Building Event-Driven Microservices Ch 4, 2021-10-20

Chapters 4 Outline

We are continuing discussion of Chapter 4 which we barely started last time.

Chapter 4: Integrating Event-Driven Architectures with Existing Systems

  • What Is Data Liberation?

    • Compromises for Data Liberation

    • Converting Liberated Data to Events

  • Data Liberation Patterns

  • Data Liberation Frameworks

  • Liberating Data by Query

    • Bulk Loading

    • Incremental Timestamp Loading

    • Autoincrementing ID Loading

    • Custom Querying

    • Incremental Updating

    • Benefits of Query-Based Updating

    • Drawbacks of Query-Based Updating

  • Liberating Data Using Change-Data Capture Logs

    • Benefits of Using Data Store Logs

    • Drawbacks of Using Data Base Logs

  • Liberating Data Using Outbox Tables

    • Performance Considerations

    • Isolating Internal Data Models

    • Ensuring Schema Compatibility

    • Capturing Change-Data Using Triggers

  • Making Data Definition Changes to Data Sets Under Capture

    • Handling After-the-Fact Data Definition Changes for the Query and CDC Log Patterns

    • Handling Data Definition Changes for Change-Data Table Capture Patterns

  • Sinking Event Data to Data Stores

  • The Impacts of Sinking and Sourcing on a Business

  • Summary

Discussion Notes

  •  Was chapter 4 relevant to edX?

    • Oversold

      • Only talks about integrating with old databases and many bad ways to integrate with them.

        • Bad things:

          • Publish your internal data model directly onto the event bus.

    • Main point of events as 1st class data citizen and you need a source of truth you can trust.

    • Monoliths that fully can’t be edited are not the usual problem and not the problem edX has so the topic felt slightly less useful.

    • These are relevant tools but not clear when we should go to an event stream first.

  • In Django, we can emit the object from django’s post_save signal if we really wanted to emit the object.

  • How sure are we that we want to make events the source of truth?

    • Should enrollments be events as source of truth?

      • Depends 

    • Example: We’ve got a 3rd party system that wants us to know a thing that happened over there via a REST API, that could go to a stream or saved to the DB.

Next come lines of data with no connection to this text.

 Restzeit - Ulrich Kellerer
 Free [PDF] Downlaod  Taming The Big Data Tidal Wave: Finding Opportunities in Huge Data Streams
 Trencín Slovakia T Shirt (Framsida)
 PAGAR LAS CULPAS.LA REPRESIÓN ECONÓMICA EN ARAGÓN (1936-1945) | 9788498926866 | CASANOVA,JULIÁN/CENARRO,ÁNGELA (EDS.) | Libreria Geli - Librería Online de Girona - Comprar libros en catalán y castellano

      • It’s hard to believe that the distributed stream is as safe as a local MySQL database.

      • If it goes down, the events gets stored as a write-only log which can be stored and re-played so it’s easy to move them to the relevant place.

      • If the event fails to be created, the request/response could handle that just like they do a failed write to MySQL.

      • If you buy into the event first model, you buy that the event is as critical and important as your SQL database.

        • Do we need that storage mechanism or do we just need a message bus for just in time events?

          • Message Bus: get just in time events but for back-filling you go to the service that’s the source of truth.

          • Event Bus: directives and storage of historical data.

        • We could choose to not retain data forever and focus on the just-in-time cross service communication with just enough retention to support unexpected downtime of services.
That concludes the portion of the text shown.